▸ **Activity**
Transcribe word for word the lines below from the line with "A modern sculptural" through the line with "Three scientists in", ends included.

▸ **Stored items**
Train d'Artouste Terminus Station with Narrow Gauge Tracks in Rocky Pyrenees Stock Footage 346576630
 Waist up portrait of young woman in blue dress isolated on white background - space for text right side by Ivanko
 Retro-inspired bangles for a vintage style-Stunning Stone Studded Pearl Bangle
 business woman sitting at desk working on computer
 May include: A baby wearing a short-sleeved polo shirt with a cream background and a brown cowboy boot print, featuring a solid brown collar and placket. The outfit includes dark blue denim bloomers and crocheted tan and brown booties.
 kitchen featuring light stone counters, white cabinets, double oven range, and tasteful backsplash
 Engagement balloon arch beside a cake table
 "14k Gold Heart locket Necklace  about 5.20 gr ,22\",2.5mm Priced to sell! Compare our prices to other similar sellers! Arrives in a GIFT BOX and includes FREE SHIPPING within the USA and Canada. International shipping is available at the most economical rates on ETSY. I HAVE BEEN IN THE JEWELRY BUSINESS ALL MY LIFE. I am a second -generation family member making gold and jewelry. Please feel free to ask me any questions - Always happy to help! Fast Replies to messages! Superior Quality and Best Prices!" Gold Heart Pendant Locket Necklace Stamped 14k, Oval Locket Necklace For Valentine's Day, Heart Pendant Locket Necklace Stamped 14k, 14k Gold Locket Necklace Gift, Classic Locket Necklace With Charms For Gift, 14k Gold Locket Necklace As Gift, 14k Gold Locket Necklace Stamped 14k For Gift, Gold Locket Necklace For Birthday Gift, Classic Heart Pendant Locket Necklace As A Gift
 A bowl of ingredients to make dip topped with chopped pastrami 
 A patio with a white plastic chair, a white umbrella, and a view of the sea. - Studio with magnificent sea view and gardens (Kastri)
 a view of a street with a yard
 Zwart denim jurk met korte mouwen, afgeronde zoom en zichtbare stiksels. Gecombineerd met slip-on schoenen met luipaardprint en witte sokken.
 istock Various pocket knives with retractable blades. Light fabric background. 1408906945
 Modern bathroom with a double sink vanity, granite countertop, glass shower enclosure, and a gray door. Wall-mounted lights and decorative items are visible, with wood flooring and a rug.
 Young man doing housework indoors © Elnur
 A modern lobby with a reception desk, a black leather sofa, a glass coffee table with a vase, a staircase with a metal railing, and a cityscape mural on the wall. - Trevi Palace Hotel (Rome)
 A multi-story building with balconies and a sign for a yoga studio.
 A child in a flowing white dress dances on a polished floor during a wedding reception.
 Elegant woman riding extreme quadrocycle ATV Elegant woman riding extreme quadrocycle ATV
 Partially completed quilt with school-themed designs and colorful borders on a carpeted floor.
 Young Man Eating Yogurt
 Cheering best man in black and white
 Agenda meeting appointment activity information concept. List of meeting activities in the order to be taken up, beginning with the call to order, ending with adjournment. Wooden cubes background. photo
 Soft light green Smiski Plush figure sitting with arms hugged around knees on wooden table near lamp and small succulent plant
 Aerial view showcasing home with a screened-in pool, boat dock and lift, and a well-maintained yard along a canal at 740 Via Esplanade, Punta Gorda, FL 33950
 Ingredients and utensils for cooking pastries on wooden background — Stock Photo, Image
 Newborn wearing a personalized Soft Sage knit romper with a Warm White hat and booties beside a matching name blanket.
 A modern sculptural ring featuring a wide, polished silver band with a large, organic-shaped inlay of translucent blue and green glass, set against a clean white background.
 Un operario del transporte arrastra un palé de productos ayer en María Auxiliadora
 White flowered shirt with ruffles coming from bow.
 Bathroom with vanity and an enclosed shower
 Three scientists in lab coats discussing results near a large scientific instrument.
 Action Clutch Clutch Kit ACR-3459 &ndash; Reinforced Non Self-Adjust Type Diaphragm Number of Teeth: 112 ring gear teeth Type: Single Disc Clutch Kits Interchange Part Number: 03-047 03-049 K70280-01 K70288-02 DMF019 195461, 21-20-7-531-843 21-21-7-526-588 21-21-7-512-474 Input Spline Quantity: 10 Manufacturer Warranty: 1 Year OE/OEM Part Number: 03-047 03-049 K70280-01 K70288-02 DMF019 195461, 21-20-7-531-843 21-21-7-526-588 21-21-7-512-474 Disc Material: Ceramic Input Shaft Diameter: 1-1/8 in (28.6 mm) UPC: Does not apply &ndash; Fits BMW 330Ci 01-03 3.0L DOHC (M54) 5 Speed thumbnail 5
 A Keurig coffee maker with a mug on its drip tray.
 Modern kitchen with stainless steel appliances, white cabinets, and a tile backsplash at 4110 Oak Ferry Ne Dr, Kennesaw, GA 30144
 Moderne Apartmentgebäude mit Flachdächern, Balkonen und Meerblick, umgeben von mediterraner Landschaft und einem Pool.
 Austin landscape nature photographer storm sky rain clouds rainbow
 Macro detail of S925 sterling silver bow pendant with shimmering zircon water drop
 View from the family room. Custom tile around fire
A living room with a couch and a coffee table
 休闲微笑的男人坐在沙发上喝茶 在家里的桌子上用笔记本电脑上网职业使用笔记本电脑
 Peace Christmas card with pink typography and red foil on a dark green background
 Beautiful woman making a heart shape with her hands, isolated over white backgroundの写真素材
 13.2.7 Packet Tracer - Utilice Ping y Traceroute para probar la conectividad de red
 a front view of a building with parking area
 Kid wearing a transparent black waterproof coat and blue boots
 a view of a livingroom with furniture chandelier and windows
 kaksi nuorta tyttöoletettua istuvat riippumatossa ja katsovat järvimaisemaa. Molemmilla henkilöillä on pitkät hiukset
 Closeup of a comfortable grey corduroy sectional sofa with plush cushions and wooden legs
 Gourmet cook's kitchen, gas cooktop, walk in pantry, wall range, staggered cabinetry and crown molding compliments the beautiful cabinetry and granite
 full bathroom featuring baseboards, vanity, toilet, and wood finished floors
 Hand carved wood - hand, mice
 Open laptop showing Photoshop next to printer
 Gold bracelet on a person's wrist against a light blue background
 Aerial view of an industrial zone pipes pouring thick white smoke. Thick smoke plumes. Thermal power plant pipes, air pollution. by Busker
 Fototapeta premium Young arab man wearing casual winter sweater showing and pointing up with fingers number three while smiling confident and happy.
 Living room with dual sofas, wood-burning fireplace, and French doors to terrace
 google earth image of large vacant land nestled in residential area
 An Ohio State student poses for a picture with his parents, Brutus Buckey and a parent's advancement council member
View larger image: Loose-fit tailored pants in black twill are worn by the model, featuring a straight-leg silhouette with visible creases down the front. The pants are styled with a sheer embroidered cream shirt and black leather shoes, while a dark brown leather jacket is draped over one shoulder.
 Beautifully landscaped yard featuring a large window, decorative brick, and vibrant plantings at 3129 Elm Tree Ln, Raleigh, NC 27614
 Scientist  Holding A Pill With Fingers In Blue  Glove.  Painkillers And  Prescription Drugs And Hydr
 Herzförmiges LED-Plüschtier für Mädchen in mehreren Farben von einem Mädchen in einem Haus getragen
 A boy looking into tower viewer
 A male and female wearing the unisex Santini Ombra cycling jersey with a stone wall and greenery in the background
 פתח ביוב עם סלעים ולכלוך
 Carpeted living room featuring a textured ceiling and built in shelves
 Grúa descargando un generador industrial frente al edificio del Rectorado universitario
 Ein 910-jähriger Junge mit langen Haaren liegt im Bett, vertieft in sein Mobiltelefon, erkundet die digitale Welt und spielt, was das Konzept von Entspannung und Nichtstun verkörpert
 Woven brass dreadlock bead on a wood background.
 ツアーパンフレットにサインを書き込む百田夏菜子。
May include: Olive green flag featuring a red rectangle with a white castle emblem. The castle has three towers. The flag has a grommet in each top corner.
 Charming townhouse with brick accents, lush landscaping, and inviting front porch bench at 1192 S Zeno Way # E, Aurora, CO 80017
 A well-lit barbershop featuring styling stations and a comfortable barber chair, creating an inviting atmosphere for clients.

▸ **Response to this task**
 A modern sculptural ring featuring a wide, polished silver band with a large, organic-shaped inlay of translucent blue and green glass, set against a clean white background.
 Un operario del transporte arrastra un palé de productos ayer en María Auxiliadora
 White flowered shirt with ruffles coming from bow.
 Bathroom with vanity and an enclosed shower
 Three scientists in lab coats discussing results near a large scientific instrument.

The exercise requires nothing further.